> Exercise prompt: For the material below, reproduce exactly each line from the one that has "Pose de papier" through the one that has "2014 Mitchell Dr, Eureka, IL 61530 photo 3", and no others; pictures stay out.

> The data:
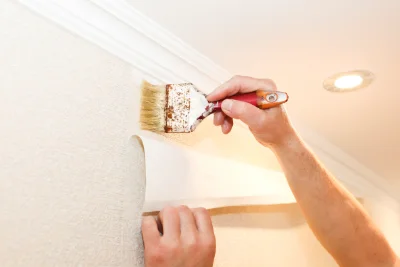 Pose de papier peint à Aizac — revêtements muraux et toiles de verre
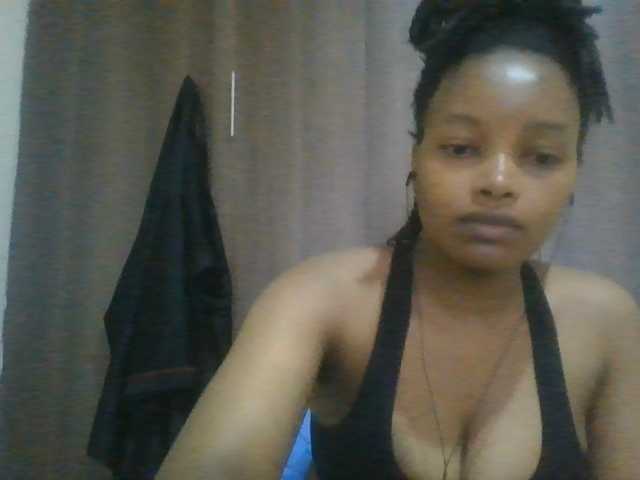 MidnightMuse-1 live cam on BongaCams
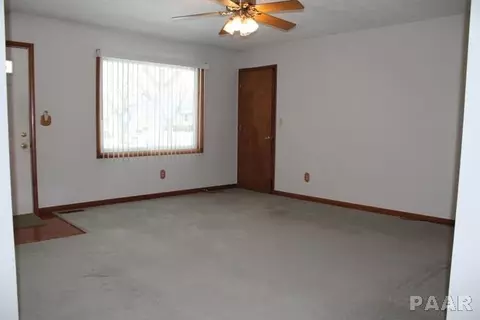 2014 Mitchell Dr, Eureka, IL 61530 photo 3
--
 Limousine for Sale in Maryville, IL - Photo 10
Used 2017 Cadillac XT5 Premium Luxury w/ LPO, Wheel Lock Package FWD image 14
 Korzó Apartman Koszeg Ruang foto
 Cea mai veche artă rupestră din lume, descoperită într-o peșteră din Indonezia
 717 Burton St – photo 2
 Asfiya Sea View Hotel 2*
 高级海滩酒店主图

> Reply to the exercise:
 Pose de papier peint à Aizac — revêtements muraux et toiles de verre
 MidnightMuse-1 live cam on BongaCams
 2014 Mitchell Dr, Eureka, IL 61530 photo 3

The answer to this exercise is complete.